Pancetta, Leek & Chicken Pie
Recipe by Charlie Redel. Charlie is a home foodie passionate about crafting delicious recipes with high-quality produce.
With Tallow Pastry & Mushroom-Reishi Bone Broth
Prep Time: 40 minutes
Cook Time: 1 hr 40 mins (includes roasting time & baking)
Resting Time: 15 mins
Ingredients
For the Filling
- 800g chicken thighs, bone-in, skin-on
- 1 tbsp olive oil
- Salt & black pepper
- 1 cup pancetta, finely chopped
- 2 large leeks, washed and sliced
- 1 cup celery chopped
- 3 cloves garlic, minced
- 2 tbsp plain flour
- 1 ½ cups Organic Mushroom, Lion’s Mane & Reishi Bone Broth
- ½ cup cream or whole milk
- 1 tbsp fresh thyme (or 1 tsp dried)
- 1 tbsp fresh parsley, chopped
For the Pastry
- 250g plain flour
- 100g cold butter, cubed
- 50g beef tallow (solid, not melted)
- Pinch of salt
- 3–4 tbsp cold water
- 1 egg, beaten (for brushing)
Method
1. Roast the Chicken
- Preheat oven to 200°C (390°F).
- Rub boneless chicken thighs with olive oil, salt, and pepper. Place on a baking tray.
- Roast for 35–40 minutes until skin is golden and meat is cooked through.
- Let cool slightly and shred meat into chunks.
2. Make the Pastry
- In a large bowl (or food processor), mix flour and salt. Add cold butter and tallow.
- Rub fats into flour with fingertips until it resembles breadcrumbs.
- Add cold water, 1 tbsp at a time, until dough comes together.
- Flatten into a disc, wrap in cling film, and chill for 30 minutes.
3. Prepare the Filling
- In a large skillet, cook pancetta over medium heat until lightly crispy. Remove and set aside.

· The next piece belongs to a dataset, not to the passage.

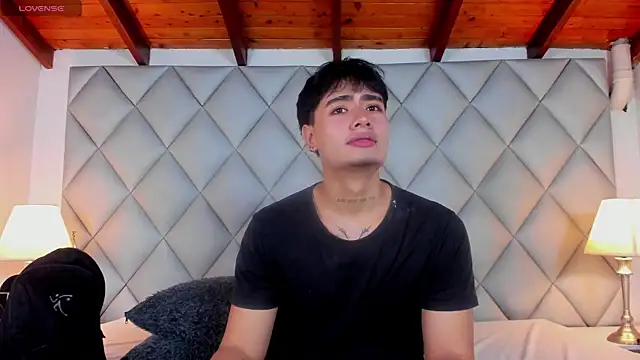 Clement Reyes online show from 11-23-25, 04:29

- Add leeks & celery to the rendered fat and sauté 8–10 minutes until soft. Add garlic and cook 1 more minute.
- Sprinkle in flour, stir to coat, and cook for 1–2 minutes.
- Slowly stir in bone broth, then add cream and stir until smooth.
- Simmer for 5 minutes until slightly thickened.
- Return pancetta to the pan. Stir in shredded chicken, thyme, parsley, mustard, and season to taste.
- Cool filling completely before assembling pie.
4. Assemble the Pie
- Preheat oven to 180°C (350°F).
- Roll out pastry on floured surface to fit a medium pie dish.
- Line the dish with two-thirds of the pastry, pressing into edges.
- Spoon in the cooled filling.
- Roll out remaining pastry for the lid, place over the top, and crimp edges to seal. (I made some cute shapes with cookie cutters but rolling it out works just as well and is a little faster!)
- Cut a few slits for steam, brush with beaten egg.
5. Bake the Pie
- Bake for 40–45 minutes, until the pastry is golden and crisp.
- Let rest for 10–15 minutes before serving.